Exercise prompt → Pictures are to be left out; every line from the one with "kitchen featuring hanging" through the end of the data must be transcribed exactly.

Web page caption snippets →

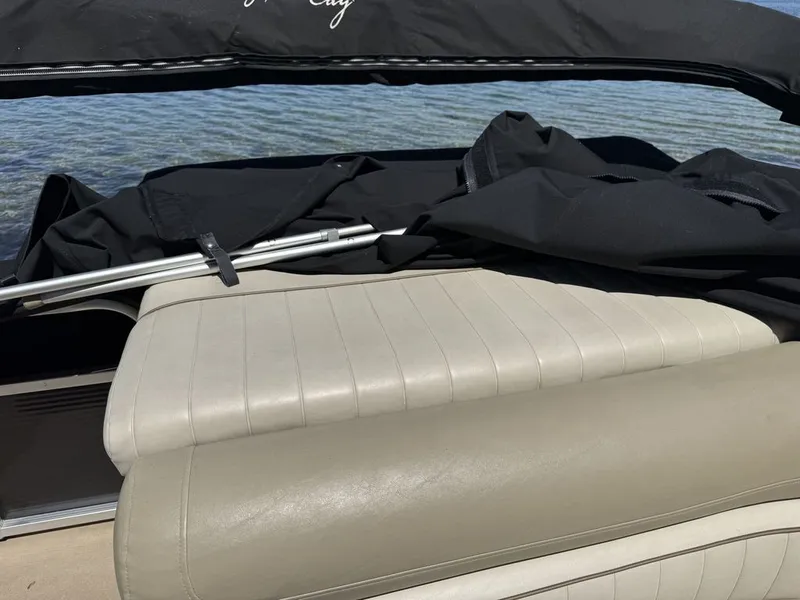 Slide: The Image of Cypress Cay 220 Cabana 2011 with beige seat and black cover. - 11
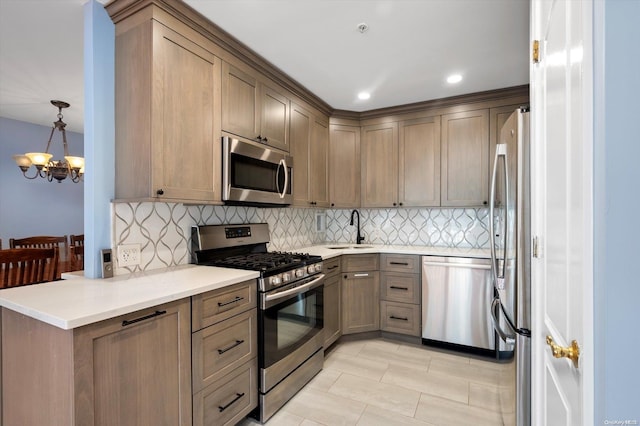 kitchen featuring hanging light fixtures, sink, appliances with stainless steel finishes, tasteful backsplash, and a notable chandelier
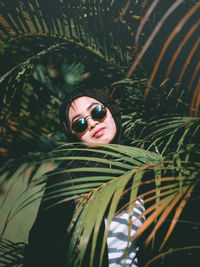 Low angle view of woman wearing sunglasses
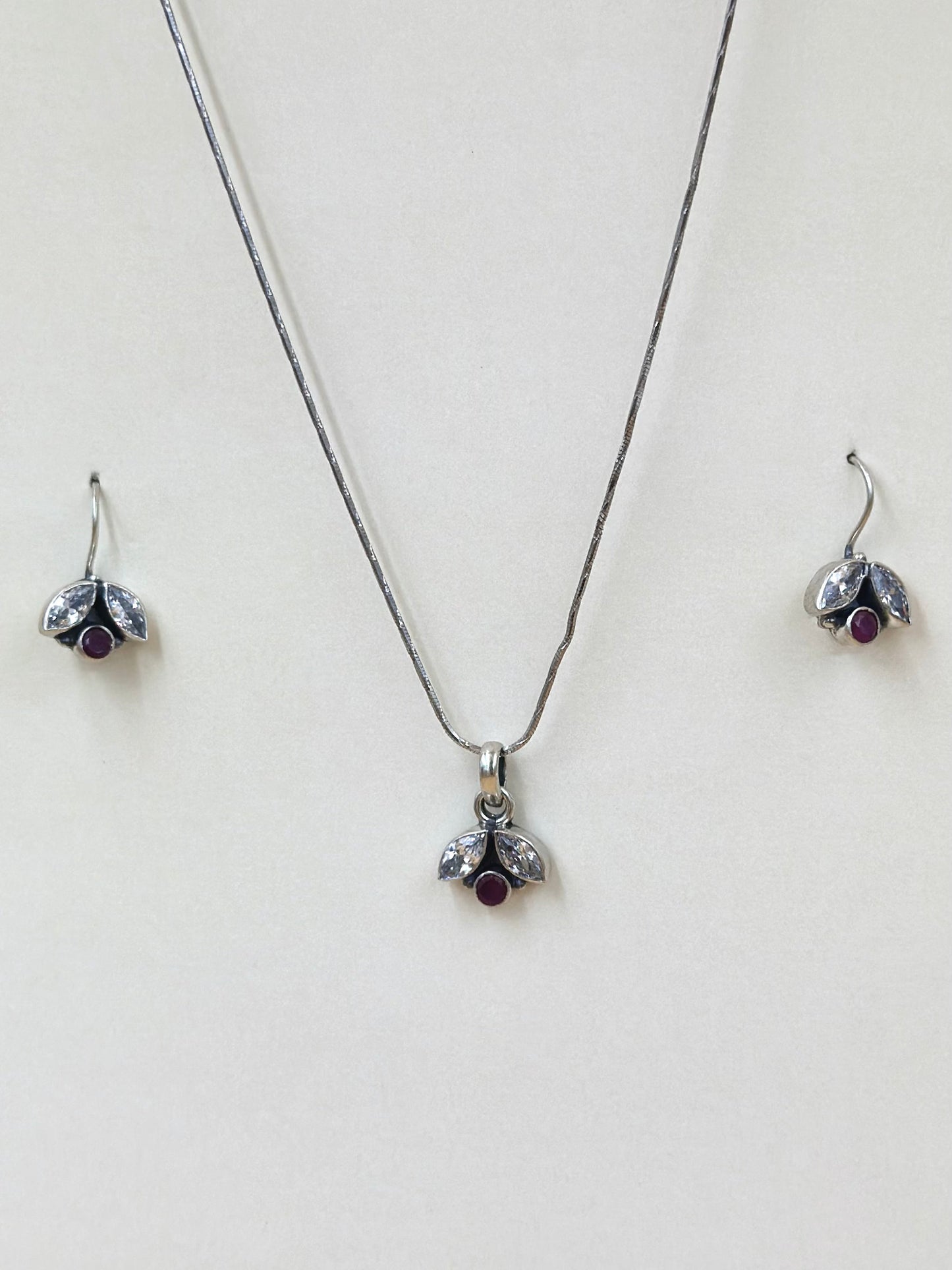Zircon and stone studded, leaf shaped sterling silver pendant set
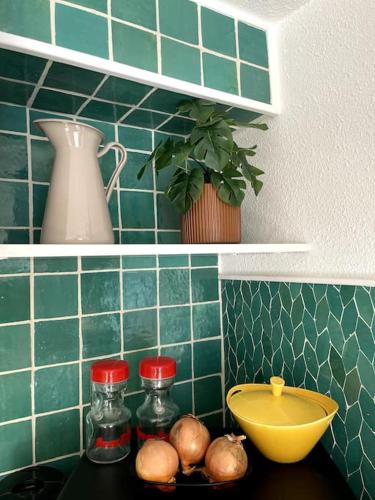 une cuisine avec des murs carrelés verts et un comptoir avec un bol dans l'établissement T1 bis stylé à 2 min de la mer, à Saint-Cyr-sur-Mer
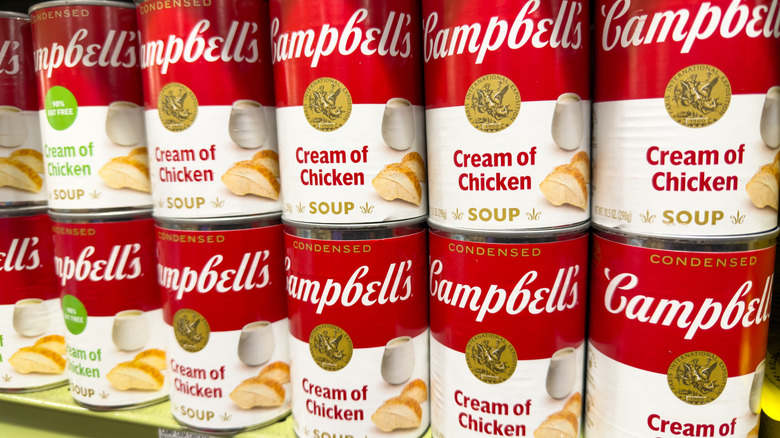 Two rows of Cambell's Cream of Chicken Soup on grocery shelves.
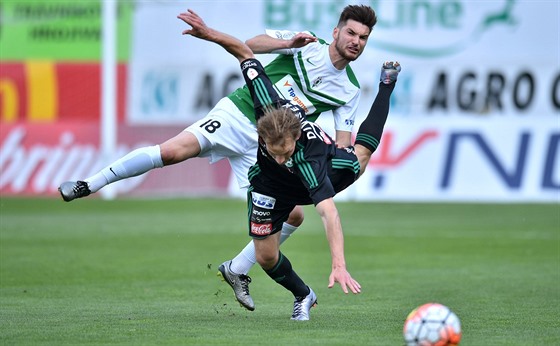 Michal Trávník z Jablonce a Josef Divíek z Píbrami (padající) bojují o balón.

Exercise response →
 kitchen featuring hanging light fixtures, sink, appliances with stainless steel finishes, tasteful backsplash, and a notable chandelier
 Low angle view of woman wearing sunglasses
Zircon and stone studded, leaf shaped sterling silver pendant set
 une cuisine avec des murs carrelés verts et un comptoir avec un bol dans l'établissement T1 bis stylé à 2 min de la mer, à Saint-Cyr-sur-Mer
 Two rows of Cambell's Cream of Chicken Soup on grocery shelves.
 Michal Trávník z Jablonce a Josef Divíek z Píbrami (padající) bojují o balón.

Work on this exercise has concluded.